**TASK INPUTS**
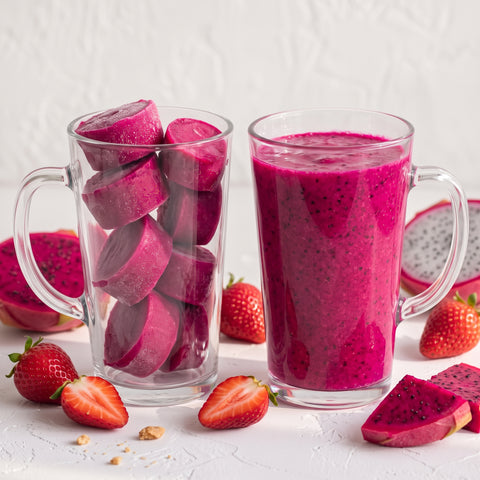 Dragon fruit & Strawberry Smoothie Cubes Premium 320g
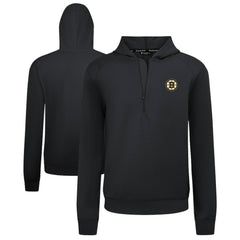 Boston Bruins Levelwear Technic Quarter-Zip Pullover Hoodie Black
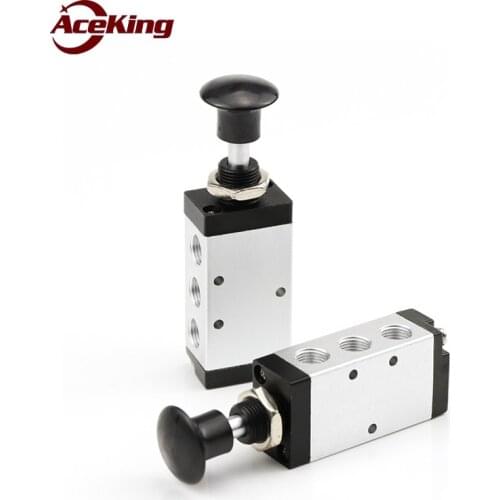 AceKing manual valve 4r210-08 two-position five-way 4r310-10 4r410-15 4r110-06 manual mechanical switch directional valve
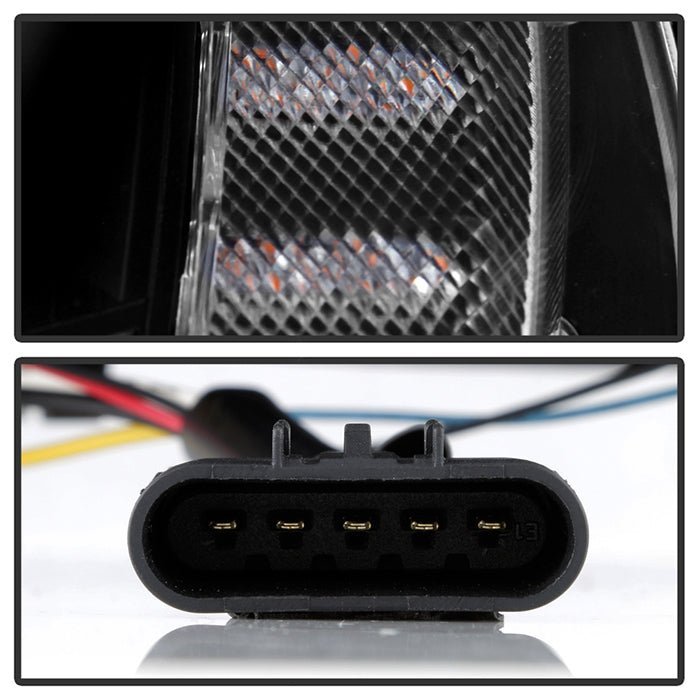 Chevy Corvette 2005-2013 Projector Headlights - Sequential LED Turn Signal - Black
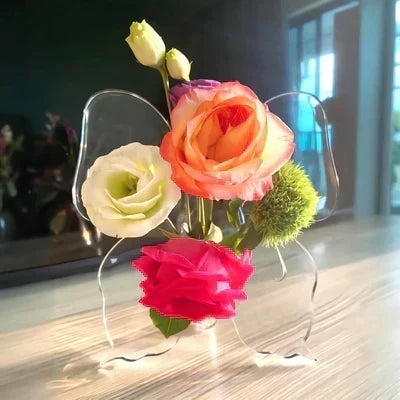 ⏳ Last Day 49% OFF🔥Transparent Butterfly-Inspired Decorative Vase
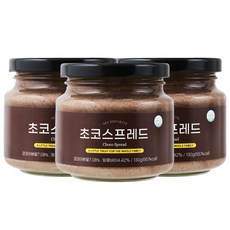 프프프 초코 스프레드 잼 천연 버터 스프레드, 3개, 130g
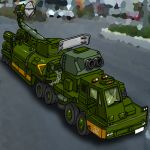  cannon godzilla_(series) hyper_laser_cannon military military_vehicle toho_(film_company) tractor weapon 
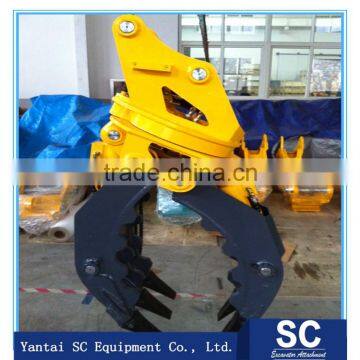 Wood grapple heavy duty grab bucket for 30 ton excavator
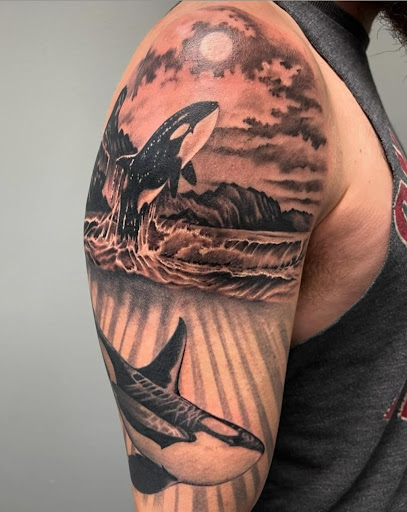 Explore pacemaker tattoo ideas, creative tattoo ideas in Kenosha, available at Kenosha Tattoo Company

**WORK REQUIRED**
Nothing but the lines above from the one that has "Chevy Corvette 2005-2013" down to the one that has "Wood grapple heavy" belongs in the answer, copied exactly, without pictures.

**THE COMPLETED TASK**
 Chevy Corvette 2005-2013 Projector Headlights - Sequential LED Turn Signal - Black
 ⏳ Last Day 49% OFF🔥Transparent Butterfly-Inspired Decorative Vase
 프프프 초코 스프레드 잼 천연 버터 스프레드, 3개, 130g
  cannon godzilla_(series) hyper_laser_cannon military military_vehicle toho_(film_company) tractor weapon 
 Wood grapple heavy duty grab bucket for 30 ton excavator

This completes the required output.